THE TASK — All entries should be output exactly as they stand.

──────── DATASET ENTRIES ────────

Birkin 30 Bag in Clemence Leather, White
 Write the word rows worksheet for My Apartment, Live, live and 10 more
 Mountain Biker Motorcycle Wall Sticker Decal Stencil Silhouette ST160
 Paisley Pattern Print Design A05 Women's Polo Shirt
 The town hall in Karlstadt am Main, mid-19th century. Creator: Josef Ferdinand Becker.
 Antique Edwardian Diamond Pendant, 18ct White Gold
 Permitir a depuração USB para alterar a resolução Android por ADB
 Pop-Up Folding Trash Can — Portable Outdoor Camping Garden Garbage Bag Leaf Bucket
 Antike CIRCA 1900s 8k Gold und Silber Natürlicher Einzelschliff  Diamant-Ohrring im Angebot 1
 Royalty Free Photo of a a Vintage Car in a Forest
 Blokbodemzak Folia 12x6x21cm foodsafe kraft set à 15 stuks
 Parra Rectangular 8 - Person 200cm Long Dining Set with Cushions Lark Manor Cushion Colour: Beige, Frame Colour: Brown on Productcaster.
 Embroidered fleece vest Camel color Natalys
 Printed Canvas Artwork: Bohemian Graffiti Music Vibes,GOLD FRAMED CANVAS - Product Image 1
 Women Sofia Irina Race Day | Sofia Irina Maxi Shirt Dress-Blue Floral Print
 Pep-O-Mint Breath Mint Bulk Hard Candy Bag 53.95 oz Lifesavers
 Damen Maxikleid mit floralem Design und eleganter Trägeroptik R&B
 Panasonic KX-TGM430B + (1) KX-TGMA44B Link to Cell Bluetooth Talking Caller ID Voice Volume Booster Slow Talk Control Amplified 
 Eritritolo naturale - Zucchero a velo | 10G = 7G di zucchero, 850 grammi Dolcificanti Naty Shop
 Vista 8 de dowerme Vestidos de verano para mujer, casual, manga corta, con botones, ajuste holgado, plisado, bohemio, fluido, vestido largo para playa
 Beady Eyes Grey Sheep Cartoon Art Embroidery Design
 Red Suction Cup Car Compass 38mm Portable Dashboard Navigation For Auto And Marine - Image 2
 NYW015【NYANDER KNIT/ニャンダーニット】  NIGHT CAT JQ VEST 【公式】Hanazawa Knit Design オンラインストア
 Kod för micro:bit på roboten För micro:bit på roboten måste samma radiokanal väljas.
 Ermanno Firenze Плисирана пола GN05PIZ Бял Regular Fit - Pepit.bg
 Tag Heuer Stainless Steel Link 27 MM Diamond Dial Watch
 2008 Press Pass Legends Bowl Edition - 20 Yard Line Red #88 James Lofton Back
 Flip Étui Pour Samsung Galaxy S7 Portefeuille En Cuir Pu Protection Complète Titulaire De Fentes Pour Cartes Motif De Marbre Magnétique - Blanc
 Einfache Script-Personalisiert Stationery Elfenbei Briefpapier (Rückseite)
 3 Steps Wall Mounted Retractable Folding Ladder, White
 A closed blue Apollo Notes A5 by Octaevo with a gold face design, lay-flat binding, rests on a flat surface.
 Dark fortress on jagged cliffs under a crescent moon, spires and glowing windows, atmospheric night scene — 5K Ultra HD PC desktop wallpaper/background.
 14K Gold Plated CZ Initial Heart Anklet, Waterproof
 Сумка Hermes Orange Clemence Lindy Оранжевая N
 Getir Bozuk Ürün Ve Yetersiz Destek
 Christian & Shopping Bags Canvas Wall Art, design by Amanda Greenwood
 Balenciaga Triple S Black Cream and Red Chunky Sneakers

────────

EXERCISE RESPONSE —
Birkin 30 Bag in Clemence Leather, White
 Write the word rows worksheet for My Apartment, Live, live and 10 more
 Mountain Biker Motorcycle Wall Sticker Decal Stencil Silhouette ST160
 Paisley Pattern Print Design A05 Women's Polo Shirt
 The town hall in Karlstadt am Main, mid-19th century. Creator: Josef Ferdinand Becker.
 Antique Edwardian Diamond Pendant, 18ct White Gold
 Permitir a depuração USB para alterar a resolução Android por ADB
 Pop-Up Folding Trash Can — Portable Outdoor Camping Garden Garbage Bag Leaf Bucket
 Antike CIRCA 1900s 8k Gold und Silber Natürlicher Einzelschliff  Diamant-Ohrring im Angebot 1
 Royalty Free Photo of a a Vintage Car in a Forest
 Blokbodemzak Folia 12x6x21cm foodsafe kraft set à 15 stuks
 Parra Rectangular 8 - Person 200cm Long Dining Set with Cushions Lark Manor Cushion Colour: Beige, Frame Colour: Brown on Productcaster.
 Embroidered fleece vest Camel color Natalys
 Printed Canvas Artwork: Bohemian Graffiti Music Vibes,GOLD FRAMED CANVAS - Product Image 1
 Women Sofia Irina Race Day | Sofia Irina Maxi Shirt Dress-Blue Floral Print
 Pep-O-Mint Breath Mint Bulk Hard Candy Bag 53.95 oz Lifesavers
 Damen Maxikleid mit floralem Design und eleganter Trägeroptik R&B
 Panasonic KX-TGM430B + (1) KX-TGMA44B Link to Cell Bluetooth Talking Caller ID Voice Volume Booster Slow Talk Control Amplified 
 Eritritolo naturale - Zucchero a velo | 10G = 7G di zucchero, 850 grammi Dolcificanti Naty Shop
 Vista 8 de dowerme Vestidos de verano para mujer, casual, manga corta, con botones, ajuste holgado, plisado, bohemio, fluido, vestido largo para playa
 Beady Eyes Grey Sheep Cartoon Art Embroidery Design
 Red Suction Cup Car Compass 38mm Portable Dashboard Navigation For Auto And Marine - Image 2
 NYW015【NYANDER KNIT/ニャンダーニット】  NIGHT CAT JQ VEST 【公式】Hanazawa Knit Design オンラインストア
 Kod för micro:bit på roboten För micro:bit på roboten måste samma radiokanal väljas.
 Ermanno Firenze Плисирана пола GN05PIZ Бял Regular Fit - Pepit.bg
 Tag Heuer Stainless Steel Link 27 MM Diamond Dial Watch
 2008 Press Pass Legends Bowl Edition - 20 Yard Line Red #88 James Lofton Back
 Flip Étui Pour Samsung Galaxy S7 Portefeuille En Cuir Pu Protection Complète Titulaire De Fentes Pour Cartes Motif De Marbre Magnétique - Blanc
 Einfache Script-Personalisiert Stationery Elfenbei Briefpapier (Rückseite)
 3 Steps Wall Mounted Retractable Folding Ladder, White
 A closed blue Apollo Notes A5 by Octaevo with a gold face design, lay-flat binding, rests on a flat surface.
 Dark fortress on jagged cliffs under a crescent moon, spires and glowing windows, atmospheric night scene — 5K Ultra HD PC desktop wallpaper/background.
 14K Gold Plated CZ Initial Heart Anklet, Waterproof
 Сумка Hermes Orange Clemence Lindy Оранжевая N
 Getir Bozuk Ürün Ve Yetersiz Destek
 Christian & Shopping Bags Canvas Wall Art, design by Amanda Greenwood
 Balenciaga Triple S Black Cream and Red Chunky Sneakers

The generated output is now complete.